Many zero-trust initiatives fail to deliver expected outcomes because identity is treated as a dependency rather than the foundation.

Common issues include:

  • Weak lifecycle management, leaving stale accounts and permissions
  • Inconsistent policy between IAM, PAM, and network controls
  • Overreliance on MFA without enforcing least privilege
  • Limited visibility into non-human identities and service accounts

Zero trust does not eliminate the need for strong identity hygiene. It amplifies it. If identity data is incomplete or inaccurate, zero-trust policies become unreliable.

Identity as the control plane for zero trust

A mature zero-trust approach treats identity as the control plane for access decisions. Policies are defined once, enforced consistently, and supported by shared telemetry across identity, endpoint, and network controls.
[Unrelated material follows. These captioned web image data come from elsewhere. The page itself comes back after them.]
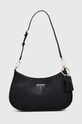 Guess torebka NOELLE nie mieści A4 czarny HWZG78.79180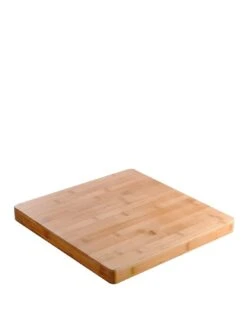 Typhoon 37 Cm Square Bamboo Butchers Block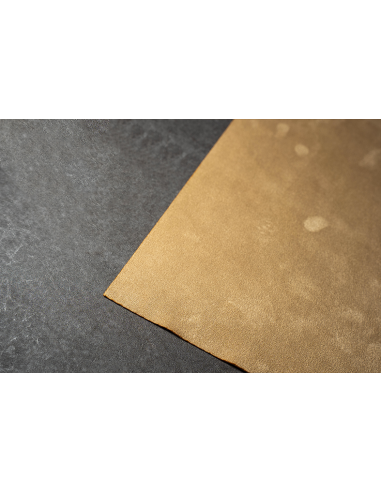 Couvre-pain Aech Sheli XL en daim Ocre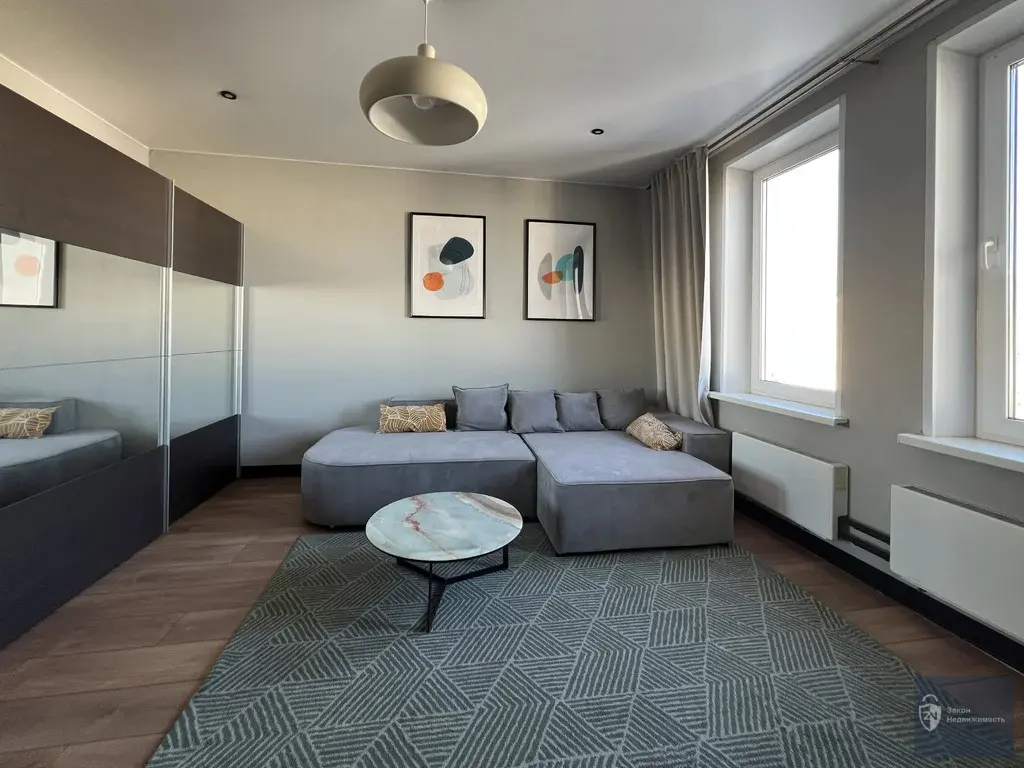 Стильная 2-ком.квартира ул. Святоозерская д.13. Заезжай и живи, - Фото 4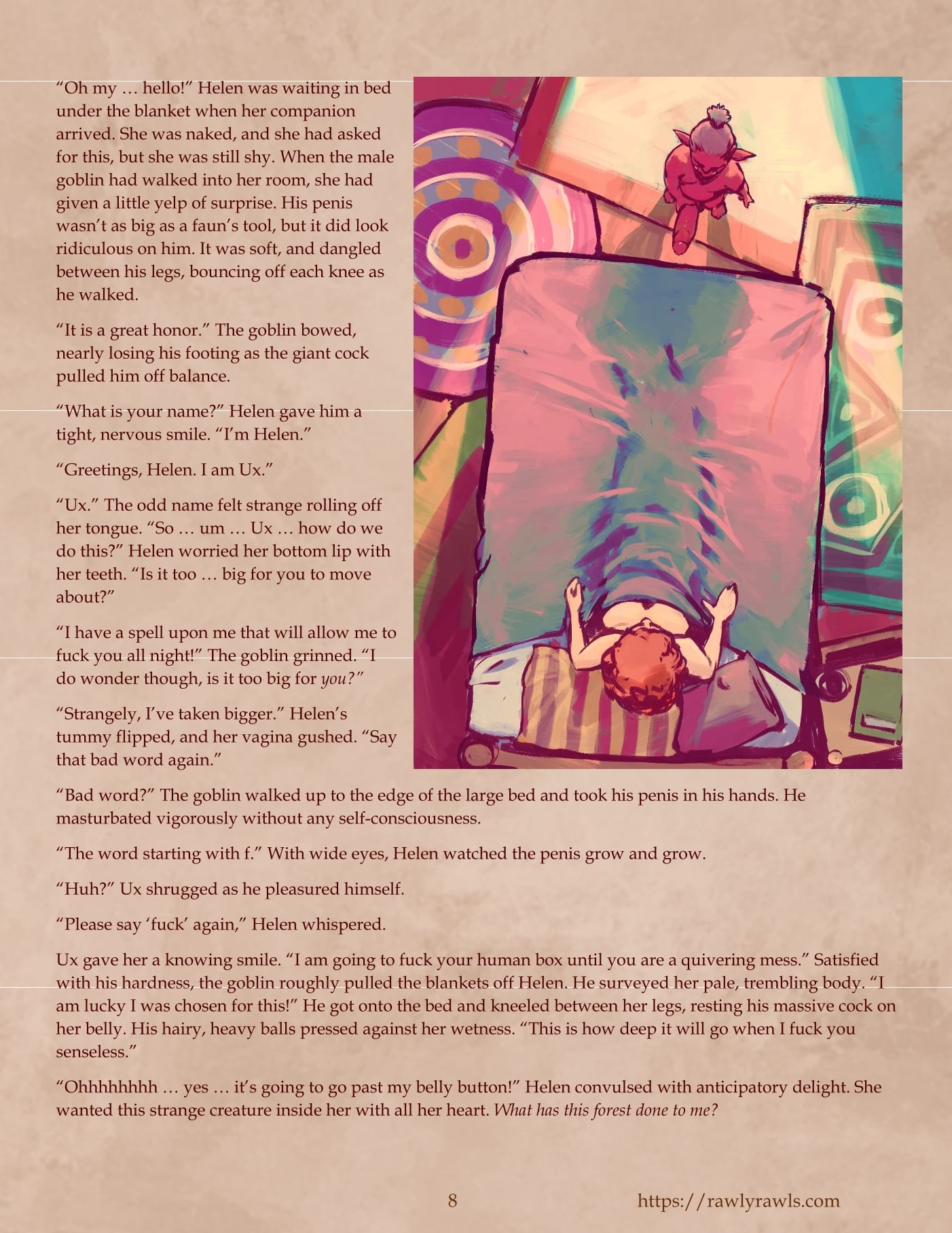 The Enchanted Scepter [Owusyr , RawlyRawls] - Chapter 9 — Page 8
This approach reduces duplication and improves clarity. Security teams can reason about access in terms of identity and policy rather than scattered rules across multiple technologies.

Nomios’ view aligns with this direction: identity is not just one control among many. It is the decision engine that connects authentication, authorisation, privilege, and enforcement across modern IT environments.

Why identity-led zero trust matters now

Zero trust adoption continues to grow as organisations respond to cloud adoption, remote work, and increasing identity-based attacks. In this landscape, identity is no longer optional infrastructure. It defines how access decisions are made and enforced.

Organisations that invest in identity as the foundation of zero trust gain clearer policy control, better visibility, and more predictable security outcomes. Those who treat identity as an afterthought often struggle to scale zero trust beyond isolated use cases.

Zero trust starts with identity, and succeeds or fails based on how well identity is managed.